Gün ağarıyor, hiçbir kelimeyi anımsamaya takatim yok.

Aradığımla bulduğum arasında insanlarla uçurumlar,

Gülün rengini kaybederkenki imdadı kursağımı parçalamış.

Beyhude yakarışlar esaretime çare olacak değil,

Anlamın hüznünde boğulmuş kalmışım.

Zamanını arayan, emsâlsiz bir zamanda.


Bir güz gelmiş, bir güz geçiyor, bir güz geçecek.

Gürültünün had safhasından kopacak yaşam.

İmgeden yoksun fısıltılar boyun eğecek dizelere.

Duymayı arzuladığımız sesler yok olacak,

Kelimeler sığmayacak sessizliğimize.


Zaman, kulaklarımızda hiç duymadığımız ses,

Yüreğimizde boşluğu tutan ağırlık.

Hudutsuz bir gece yarısı, gözüm düşmüş yansımalara

Uykudan uzak düşmüş saat.

Kendimden uzak düşmüşüm.

Sonu başa bağlanan amansız bir çıkmaz içinde,

Yitirmekten bıkmışım bana ait olanı.

Çaresizce bir arzu, kalbimden kopup uçmuş.
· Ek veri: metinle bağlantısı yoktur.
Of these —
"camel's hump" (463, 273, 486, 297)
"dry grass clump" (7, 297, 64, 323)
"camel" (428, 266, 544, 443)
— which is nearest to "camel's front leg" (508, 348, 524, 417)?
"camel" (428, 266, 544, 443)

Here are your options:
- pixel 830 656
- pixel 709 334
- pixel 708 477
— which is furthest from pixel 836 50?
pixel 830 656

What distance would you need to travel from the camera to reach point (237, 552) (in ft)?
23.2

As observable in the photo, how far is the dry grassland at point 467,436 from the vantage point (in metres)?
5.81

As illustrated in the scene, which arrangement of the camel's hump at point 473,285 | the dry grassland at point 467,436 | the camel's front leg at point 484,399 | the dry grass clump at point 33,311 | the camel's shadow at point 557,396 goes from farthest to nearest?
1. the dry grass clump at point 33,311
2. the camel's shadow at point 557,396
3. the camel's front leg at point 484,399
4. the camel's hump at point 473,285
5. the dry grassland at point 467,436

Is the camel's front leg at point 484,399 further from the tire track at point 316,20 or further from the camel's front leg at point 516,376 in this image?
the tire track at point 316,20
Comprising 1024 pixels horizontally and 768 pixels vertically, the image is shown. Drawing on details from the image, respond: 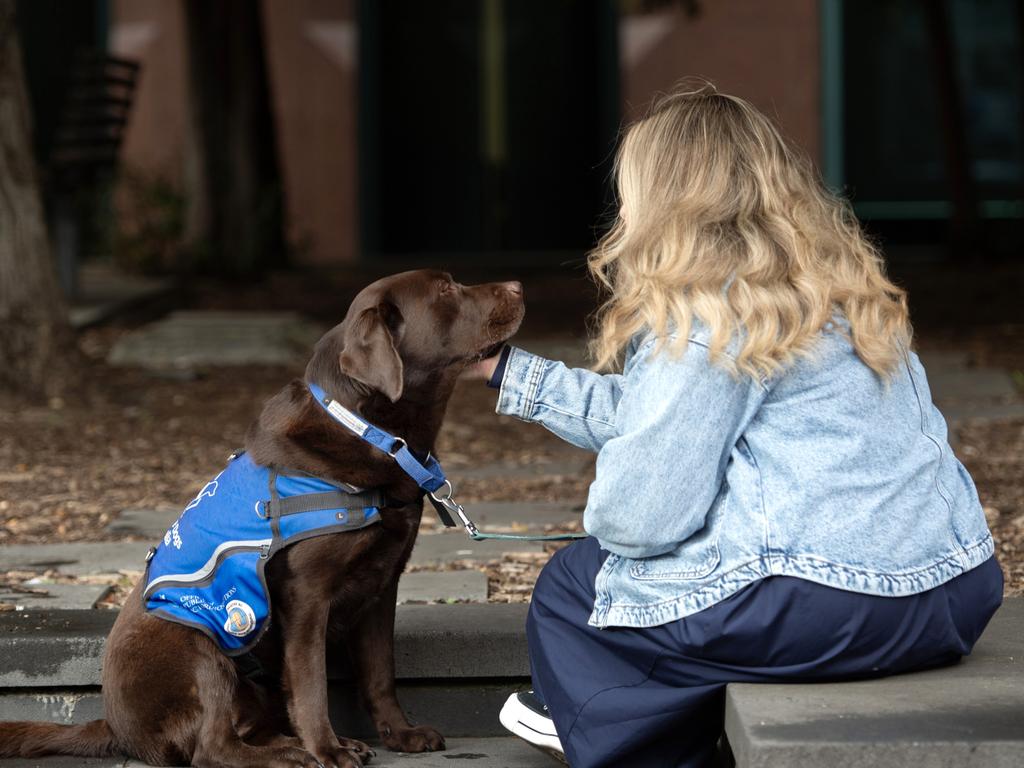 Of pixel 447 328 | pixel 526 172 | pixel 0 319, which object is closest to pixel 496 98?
pixel 526 172

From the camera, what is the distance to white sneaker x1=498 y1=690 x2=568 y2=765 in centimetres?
326

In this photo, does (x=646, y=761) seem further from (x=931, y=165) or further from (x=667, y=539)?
(x=931, y=165)

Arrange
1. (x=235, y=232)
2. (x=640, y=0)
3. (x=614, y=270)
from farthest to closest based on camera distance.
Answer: (x=235, y=232) < (x=640, y=0) < (x=614, y=270)

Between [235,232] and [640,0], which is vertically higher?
[640,0]

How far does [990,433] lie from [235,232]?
352 inches

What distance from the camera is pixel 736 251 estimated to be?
2.94 metres

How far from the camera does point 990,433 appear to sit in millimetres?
6836

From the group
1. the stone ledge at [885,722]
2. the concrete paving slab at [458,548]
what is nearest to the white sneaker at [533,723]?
the stone ledge at [885,722]

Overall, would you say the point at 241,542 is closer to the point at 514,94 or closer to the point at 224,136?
the point at 224,136

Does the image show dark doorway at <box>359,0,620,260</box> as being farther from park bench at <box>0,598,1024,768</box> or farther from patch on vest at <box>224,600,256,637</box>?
patch on vest at <box>224,600,256,637</box>

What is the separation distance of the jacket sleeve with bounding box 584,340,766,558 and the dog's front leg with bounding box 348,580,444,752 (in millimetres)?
927

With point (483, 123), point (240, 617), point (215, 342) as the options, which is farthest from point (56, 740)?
point (483, 123)

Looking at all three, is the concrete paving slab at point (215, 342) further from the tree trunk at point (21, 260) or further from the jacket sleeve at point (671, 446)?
the jacket sleeve at point (671, 446)

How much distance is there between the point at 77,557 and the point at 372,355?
201 centimetres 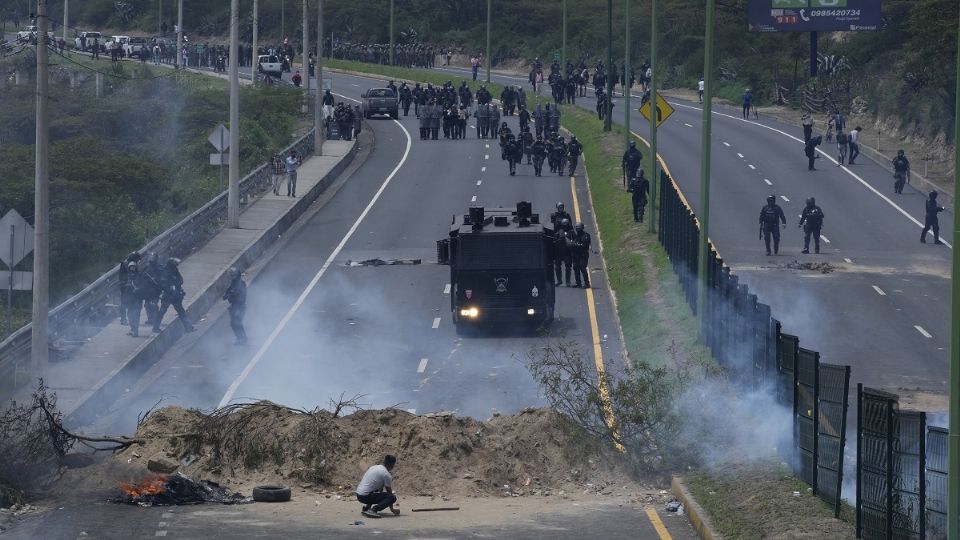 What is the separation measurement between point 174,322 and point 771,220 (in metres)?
17.9

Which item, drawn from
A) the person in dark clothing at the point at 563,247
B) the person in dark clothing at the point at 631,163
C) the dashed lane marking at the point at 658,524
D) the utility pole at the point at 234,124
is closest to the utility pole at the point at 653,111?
the person in dark clothing at the point at 563,247

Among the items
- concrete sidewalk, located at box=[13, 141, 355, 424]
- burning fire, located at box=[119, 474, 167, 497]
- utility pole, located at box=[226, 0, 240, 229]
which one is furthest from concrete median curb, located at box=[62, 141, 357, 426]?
burning fire, located at box=[119, 474, 167, 497]

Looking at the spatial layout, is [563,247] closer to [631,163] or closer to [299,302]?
[299,302]

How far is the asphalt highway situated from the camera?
104ft

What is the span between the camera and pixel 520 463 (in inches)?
833

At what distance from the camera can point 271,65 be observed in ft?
333

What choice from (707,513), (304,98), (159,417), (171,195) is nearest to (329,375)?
(159,417)

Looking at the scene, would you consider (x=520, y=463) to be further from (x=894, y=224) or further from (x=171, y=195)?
(x=171, y=195)

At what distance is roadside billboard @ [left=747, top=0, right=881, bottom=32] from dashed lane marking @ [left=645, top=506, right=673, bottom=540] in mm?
58694

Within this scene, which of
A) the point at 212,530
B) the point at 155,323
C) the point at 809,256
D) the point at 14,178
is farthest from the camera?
the point at 14,178

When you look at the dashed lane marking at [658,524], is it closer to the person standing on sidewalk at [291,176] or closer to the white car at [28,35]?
the person standing on sidewalk at [291,176]

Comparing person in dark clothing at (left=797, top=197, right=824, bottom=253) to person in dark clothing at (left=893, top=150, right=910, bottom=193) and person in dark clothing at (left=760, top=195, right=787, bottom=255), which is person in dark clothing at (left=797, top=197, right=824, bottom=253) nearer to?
person in dark clothing at (left=760, top=195, right=787, bottom=255)

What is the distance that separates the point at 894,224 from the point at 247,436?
33.3 m

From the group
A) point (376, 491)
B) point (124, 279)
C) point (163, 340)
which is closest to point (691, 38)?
point (124, 279) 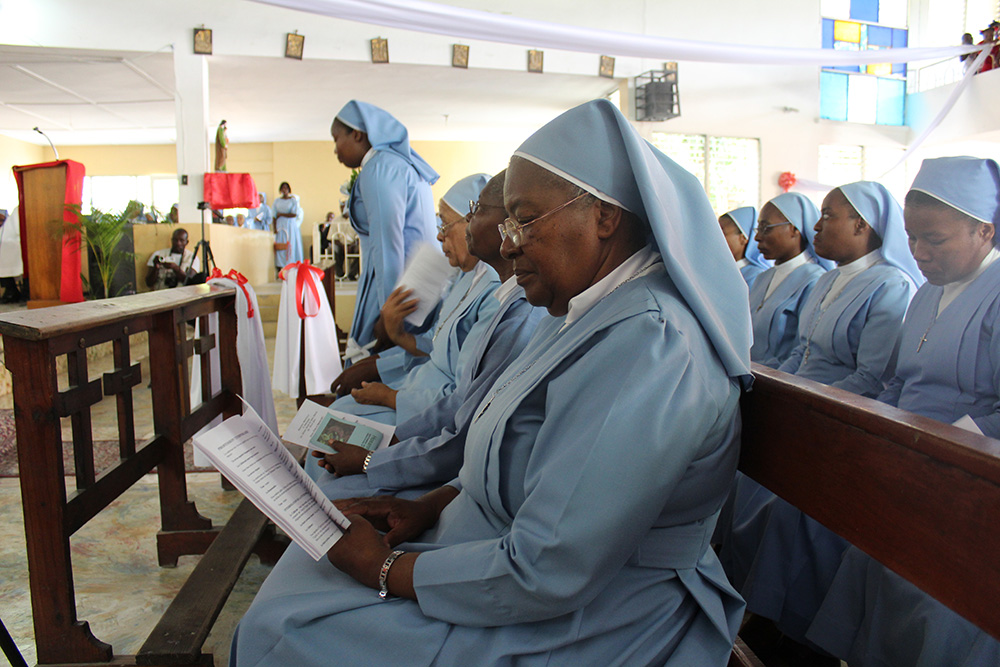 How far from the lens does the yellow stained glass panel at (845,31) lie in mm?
10992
Kim olduğumu ne hissettiğimi fısıldıyorum kendime,

Boşluklara bakıyorum uzun uzun,

Mümkünden çok uzaklara düştüğümü hissediyorum.

Kalansa mahşeri bir yankı içimdeki.

Yaşamak değil bu,

Sonunda anlıyorum.

Dünya göründüğü kadar,

İnsandan uzak, hüzne yakın.

Her ben-i âdem kendi cehenneminde diri.


Sevinçsizliğin sonsuz ritmi doğmayı bekliyor.

Yaşamak için.

İsyanın başka yolu yok.

Sonsuzluğun her anında bu muzdarip çatlağı görsün yaratıcı.

Bana başka aynalardan bakmayışının cezasıdır bu.